When venturing outside into regulated suburbia, one of our thoughtful human subjects might pause for a moment of reflection: "Perhaps I should replace my gasoholic Sports Utility Vehicle with a hybrid automobile." Or this typical modern suburbanite might note all of the plastic bins aligned up and down the curbs, and wonder at the prodigious amount of waste and garbage generated by just one neighborhood, or for a moment stand under the blazing sun and gaze skyward at a slate-blue sky, and decide, "God almighty, summers are way hotter than they used to be."
Yes, God almighty, indeed; it does seem to be considerably hotter in the summer than it used to be, and something is indeed wrong with the preceding picture of the typical suburbanite. The scope is too narrow, the focus too limited. Fixing the environment seems to mean fixing by it in a manner sanctioned by plutocratic decree to guarantee the continued accommodation of modes of living so as not to conflict with excessive patterns of consumption—so as not to tamper with the growth and profit objectives of the enterprises that manufacture the consumable goods. The environment for most of the population is limited to their homes, their neighborhoods, their shopping malls, their cities, the highways they travel, and the places where they work. Indeed, something is missing. Raw, (wild) unadulterated nature is missing.
Wild Nature, Naturally
My aforementioned article included the suggestion that a concern for the environment might be fostered by walking out into nature, into the desert, into the mountains, into the forests, and along lakes, rivers, and seashores. How very naïve; I was criticized for having offered a simplistic solution for restoring the environment, for having suggested that climate change and global warming might be arrested by merely walking into the woods. Stuff and nonsense. Well, I hadn't intended to posit a walk into nature as the elemental solution to climate change and global warming. I was merely trying to suggest that one might begin the process of healing self and environment by first cultivating an appreciation of the natural environment, an appreciation of the wild, an appreciation of uncorrupted Nature. Environment is much more than the artificial constructs of the human species, more than house, neighborhood, city, state, and nation.
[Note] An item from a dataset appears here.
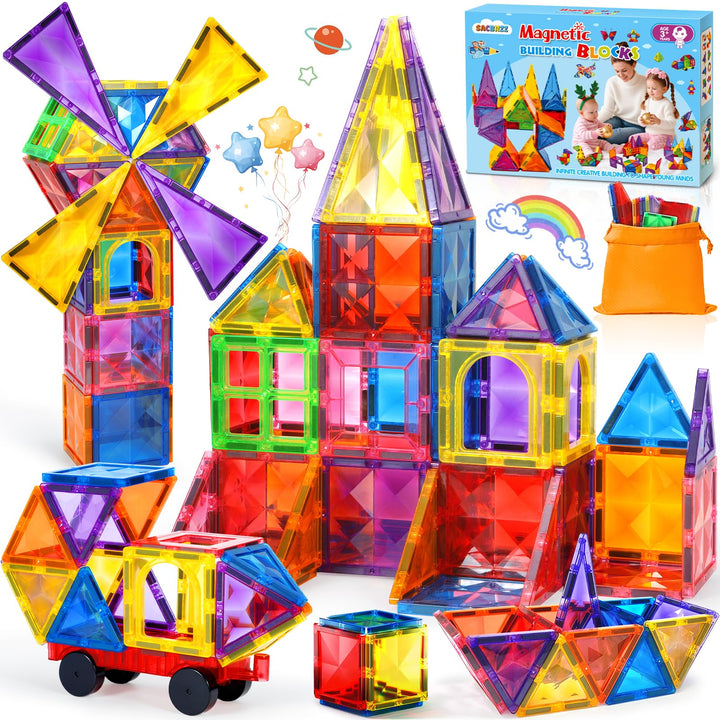 Magnetische Bausteine 60 Teile, Magnetbausteine Kinder Bauspielzeug Mit 1 Autos, Magnetic Tiles Lehr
The human species came out of the wild, out of Nature, and amounts to one of the fruits or offspring of Planet Earth. When we know our home planet, know the plant and animal species. know something about the cycles of weather and tides, feel the rhythm of flowing water, relish the changes of the seasons, and are in harmony with all of the other natural processes of life on Earth, we will be better equipped to act as, and call ourselves, stewards of the environment—not just of the manmade environment, but of the wild environment. True, merely walking into nature isn't the cure for global warming and climate change; it is merely the first step. This first step seems to be an essential obligation of an ecologically astute and caring citizen of our lovely blue planet with its abundant greenery, fecund soil, and fragile atmosphere.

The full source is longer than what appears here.